Download or read book No Good Men Among the Living written by Anand Gopal and published by Macmillan. This book was released on 2014-04-29 with total page 319 pages. Available in PDF, EPUB and Kindle. Book excerpt: Told through the lives of three Afghans, the stunning tale of how the United States had triumph in sight in Afghanistan--and then brought the Taliban back from the dead In a breathtaking chronicle, acclaimed journalist Anand Gopal traces in vivid detail the lives of three Afghans caught in America's war on terror. He follows a Taliban commander, who rises from scrawny teenager to leading insurgent; a US-backed warlord, who uses the American military to gain personal wealth and power; and a village housewife trapped between the two sides, who discovers the devastating cost of neutrality. Through their dramatic stories, Gopal shows that the Afghan war, so often regarded as a hopeless quagmire, could in fact have gone very differently. Top Taliban leaders actually tried to surrender within months of the US invasion, renouncing all political activity and submitting to the new government. Effectively, the Taliban ceased to exist--yet the Americans were unwilling to accept such a turnaround. Instead, driven by false intelligence from their allies and an unyielding mandate to fight terrorism, American forces continued to press the conflict, resurrecting the insurgency that persists to this day. With its intimate accounts of life in war-torn Afghanistan, Gopal's thoroughly original reporting lays bare the workings of America's longest war and the truth behind its prolonged agony. A heartbreaking story of mistakes and misdeeds, No Good Men Among the Living challenges our usual perceptions of the Afghan conflict, its victims, and its supposed winners.

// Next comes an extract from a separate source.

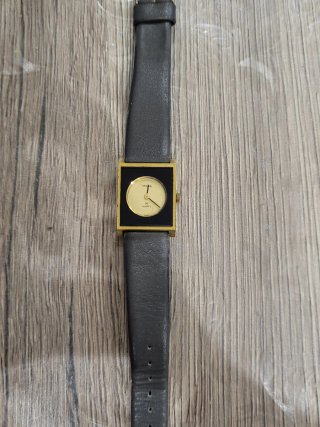 Orologio Vintage Veglia Swiss Made Oro Nero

Download or read book A Few Good Men written by Ronald J. Brown and published by . This book was released on 2001 with total page 472 pages. Available in PDF, EPUB and Kindle. Book excerpt: The service record of the Fighting Fifth covers almost all significant Marine Corps activities, combats and otherwise, of the twentieth century.
Download or read book Tears in the Darkness written by Michael Norman and published by Macmillan. This book was released on 2009-06-09 with total page 958 pages. Available in PDF, EPUB and Kindle. Book excerpt: This major new work about World War II exposes the myths of military heroism as shallow and inadequate. "Tears in the Darkness" makes clear, with great literary and human power, that war causes suffering for people on all sides.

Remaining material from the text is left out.